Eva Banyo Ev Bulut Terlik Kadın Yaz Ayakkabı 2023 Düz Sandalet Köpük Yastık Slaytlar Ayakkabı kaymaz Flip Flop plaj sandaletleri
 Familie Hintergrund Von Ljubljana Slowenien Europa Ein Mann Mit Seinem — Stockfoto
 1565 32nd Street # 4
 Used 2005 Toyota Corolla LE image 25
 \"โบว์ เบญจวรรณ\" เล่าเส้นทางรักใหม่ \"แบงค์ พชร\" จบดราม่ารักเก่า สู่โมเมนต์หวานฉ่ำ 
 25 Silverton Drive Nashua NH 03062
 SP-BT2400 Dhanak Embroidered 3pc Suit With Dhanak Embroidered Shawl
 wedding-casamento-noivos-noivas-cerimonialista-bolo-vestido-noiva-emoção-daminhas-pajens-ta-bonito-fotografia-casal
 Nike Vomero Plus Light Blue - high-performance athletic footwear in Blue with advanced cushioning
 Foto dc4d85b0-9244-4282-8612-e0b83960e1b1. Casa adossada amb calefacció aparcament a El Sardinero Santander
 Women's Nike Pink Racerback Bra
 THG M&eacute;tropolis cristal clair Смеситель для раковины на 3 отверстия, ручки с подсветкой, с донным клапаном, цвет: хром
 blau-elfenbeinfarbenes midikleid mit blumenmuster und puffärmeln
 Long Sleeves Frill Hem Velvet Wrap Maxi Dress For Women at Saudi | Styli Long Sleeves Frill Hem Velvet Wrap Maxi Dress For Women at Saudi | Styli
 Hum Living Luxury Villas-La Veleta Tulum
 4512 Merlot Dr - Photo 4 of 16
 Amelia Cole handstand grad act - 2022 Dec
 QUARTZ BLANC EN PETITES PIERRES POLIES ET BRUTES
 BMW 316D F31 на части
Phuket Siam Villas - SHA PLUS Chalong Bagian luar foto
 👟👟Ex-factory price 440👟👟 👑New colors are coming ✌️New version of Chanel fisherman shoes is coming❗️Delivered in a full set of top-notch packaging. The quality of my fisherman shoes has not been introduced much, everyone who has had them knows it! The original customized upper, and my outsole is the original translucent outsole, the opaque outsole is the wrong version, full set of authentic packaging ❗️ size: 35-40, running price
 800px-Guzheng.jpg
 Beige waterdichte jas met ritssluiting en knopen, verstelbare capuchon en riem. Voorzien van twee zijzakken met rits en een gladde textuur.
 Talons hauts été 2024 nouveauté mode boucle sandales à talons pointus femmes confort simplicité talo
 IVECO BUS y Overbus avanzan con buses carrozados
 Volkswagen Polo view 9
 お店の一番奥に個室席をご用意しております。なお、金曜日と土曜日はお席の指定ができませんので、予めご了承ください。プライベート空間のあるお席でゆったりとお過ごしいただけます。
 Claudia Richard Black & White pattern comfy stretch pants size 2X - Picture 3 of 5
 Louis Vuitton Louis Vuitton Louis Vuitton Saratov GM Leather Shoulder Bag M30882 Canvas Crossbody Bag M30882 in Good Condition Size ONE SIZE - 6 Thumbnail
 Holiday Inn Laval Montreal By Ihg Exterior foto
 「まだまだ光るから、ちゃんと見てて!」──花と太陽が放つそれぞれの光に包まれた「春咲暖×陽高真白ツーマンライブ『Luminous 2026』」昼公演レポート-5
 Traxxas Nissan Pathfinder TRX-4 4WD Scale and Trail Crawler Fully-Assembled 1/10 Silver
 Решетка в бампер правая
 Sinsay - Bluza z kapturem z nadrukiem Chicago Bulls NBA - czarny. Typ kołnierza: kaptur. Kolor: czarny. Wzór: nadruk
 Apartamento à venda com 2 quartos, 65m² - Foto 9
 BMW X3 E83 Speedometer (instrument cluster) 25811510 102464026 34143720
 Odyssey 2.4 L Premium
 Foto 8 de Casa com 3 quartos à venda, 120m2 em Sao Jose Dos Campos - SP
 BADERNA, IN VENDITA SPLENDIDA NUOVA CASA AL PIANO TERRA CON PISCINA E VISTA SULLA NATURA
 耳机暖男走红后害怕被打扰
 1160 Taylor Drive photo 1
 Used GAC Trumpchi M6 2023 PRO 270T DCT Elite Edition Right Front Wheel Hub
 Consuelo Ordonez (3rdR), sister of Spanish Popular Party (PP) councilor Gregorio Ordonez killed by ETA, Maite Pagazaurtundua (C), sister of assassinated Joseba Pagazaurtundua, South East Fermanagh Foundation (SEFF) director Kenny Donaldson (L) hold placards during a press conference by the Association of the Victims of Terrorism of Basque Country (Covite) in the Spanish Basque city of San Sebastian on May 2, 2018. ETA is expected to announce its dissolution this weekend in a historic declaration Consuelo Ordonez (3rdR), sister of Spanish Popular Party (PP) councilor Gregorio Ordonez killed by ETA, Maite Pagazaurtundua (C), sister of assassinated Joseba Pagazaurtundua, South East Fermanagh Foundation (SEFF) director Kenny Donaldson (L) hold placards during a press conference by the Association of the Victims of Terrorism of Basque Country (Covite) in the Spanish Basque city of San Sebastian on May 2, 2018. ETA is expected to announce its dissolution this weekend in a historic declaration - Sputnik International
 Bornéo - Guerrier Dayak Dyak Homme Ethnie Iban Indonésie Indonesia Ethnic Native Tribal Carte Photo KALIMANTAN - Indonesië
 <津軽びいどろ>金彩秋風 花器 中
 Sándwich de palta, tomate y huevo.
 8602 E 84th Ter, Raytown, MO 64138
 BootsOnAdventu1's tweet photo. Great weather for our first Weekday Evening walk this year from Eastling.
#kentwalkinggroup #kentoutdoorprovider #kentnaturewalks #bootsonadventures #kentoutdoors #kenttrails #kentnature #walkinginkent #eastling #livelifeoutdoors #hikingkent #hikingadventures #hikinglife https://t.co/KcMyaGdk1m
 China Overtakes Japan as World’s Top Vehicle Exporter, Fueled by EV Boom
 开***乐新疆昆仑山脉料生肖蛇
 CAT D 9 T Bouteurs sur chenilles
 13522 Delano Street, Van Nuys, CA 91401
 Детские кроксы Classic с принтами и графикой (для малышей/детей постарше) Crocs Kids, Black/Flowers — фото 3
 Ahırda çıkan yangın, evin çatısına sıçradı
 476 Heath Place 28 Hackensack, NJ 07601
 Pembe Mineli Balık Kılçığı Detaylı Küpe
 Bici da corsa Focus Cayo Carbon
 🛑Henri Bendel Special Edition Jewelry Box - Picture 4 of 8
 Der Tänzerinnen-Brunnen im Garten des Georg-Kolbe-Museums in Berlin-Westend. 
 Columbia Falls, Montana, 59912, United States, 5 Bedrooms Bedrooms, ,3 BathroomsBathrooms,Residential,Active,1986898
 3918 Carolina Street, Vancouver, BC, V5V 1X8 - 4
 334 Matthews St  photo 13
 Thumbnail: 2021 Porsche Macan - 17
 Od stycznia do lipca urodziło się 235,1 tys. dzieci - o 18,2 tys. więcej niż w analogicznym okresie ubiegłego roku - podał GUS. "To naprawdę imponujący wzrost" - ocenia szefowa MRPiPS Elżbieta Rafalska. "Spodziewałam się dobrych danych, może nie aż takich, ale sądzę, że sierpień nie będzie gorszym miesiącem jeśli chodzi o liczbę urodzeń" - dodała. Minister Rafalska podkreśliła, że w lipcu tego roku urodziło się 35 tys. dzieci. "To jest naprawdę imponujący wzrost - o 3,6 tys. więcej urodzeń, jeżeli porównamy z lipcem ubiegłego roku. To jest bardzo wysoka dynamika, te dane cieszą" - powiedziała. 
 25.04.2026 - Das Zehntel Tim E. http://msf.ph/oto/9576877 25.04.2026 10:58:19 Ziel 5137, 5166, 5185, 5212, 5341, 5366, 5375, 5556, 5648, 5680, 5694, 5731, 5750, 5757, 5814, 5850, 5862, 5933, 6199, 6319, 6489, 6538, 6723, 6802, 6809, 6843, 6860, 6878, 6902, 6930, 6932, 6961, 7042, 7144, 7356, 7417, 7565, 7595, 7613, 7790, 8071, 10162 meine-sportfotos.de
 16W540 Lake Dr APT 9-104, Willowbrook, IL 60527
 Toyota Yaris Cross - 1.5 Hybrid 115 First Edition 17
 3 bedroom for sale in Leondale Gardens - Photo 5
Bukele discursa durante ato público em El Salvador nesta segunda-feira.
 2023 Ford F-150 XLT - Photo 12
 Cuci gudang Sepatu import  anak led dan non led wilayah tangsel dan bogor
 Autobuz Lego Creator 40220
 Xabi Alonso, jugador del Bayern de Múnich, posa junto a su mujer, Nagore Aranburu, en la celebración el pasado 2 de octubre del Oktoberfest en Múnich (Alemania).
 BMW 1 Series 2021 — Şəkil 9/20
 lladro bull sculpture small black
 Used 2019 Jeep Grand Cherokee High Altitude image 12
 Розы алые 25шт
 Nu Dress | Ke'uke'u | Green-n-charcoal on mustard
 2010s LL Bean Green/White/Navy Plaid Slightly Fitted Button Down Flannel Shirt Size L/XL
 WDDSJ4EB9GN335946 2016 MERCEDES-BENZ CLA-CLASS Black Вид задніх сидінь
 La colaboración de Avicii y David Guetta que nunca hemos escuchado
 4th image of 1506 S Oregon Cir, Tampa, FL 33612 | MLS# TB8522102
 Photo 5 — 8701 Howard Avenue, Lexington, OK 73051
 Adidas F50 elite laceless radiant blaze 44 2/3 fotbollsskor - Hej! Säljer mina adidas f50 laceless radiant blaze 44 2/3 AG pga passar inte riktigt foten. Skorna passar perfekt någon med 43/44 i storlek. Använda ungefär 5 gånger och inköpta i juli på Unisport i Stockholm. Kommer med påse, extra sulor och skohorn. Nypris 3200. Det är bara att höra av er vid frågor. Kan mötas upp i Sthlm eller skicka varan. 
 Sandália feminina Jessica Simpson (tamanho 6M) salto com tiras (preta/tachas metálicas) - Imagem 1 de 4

▸ TRY IT
Reproduce the lines of the entries above from the one with "Styli Long Sleeves" to the one with "Talons hauts été", both included, exactly and without any other line.

▸ RESPONSE FOR THIS EXERCISE
 Long Sleeves Frill Hem Velvet Wrap Maxi Dress For Women at Saudi | Styli Long Sleeves Frill Hem Velvet Wrap Maxi Dress For Women at Saudi | Styli
 Hum Living Luxury Villas-La Veleta Tulum
 4512 Merlot Dr - Photo 4 of 16
 Amelia Cole handstand grad act - 2022 Dec
 QUARTZ BLANC EN PETITES PIERRES POLIES ET BRUTES
 BMW 316D F31 на части
Phuket Siam Villas - SHA PLUS Chalong Bagian luar foto
 👟👟Ex-factory price 440👟👟 👑New colors are coming ✌️New version of Chanel fisherman shoes is coming❗️Delivered in a full set of top-notch packaging. The quality of my fisherman shoes has not been introduced much, everyone who has had them knows it! The original customized upper, and my outsole is the original translucent outsole, the opaque outsole is the wrong version, full set of authentic packaging ❗️ size: 35-40, running price
 800px-Guzheng.jpg
 Beige waterdichte jas met ritssluiting en knopen, verstelbare capuchon en riem. Voorzien van twee zijzakken met rits en een gladde textuur.
 Talons hauts été 2024 nouveauté mode boucle sandales à talons pointus femmes confort simplicité talo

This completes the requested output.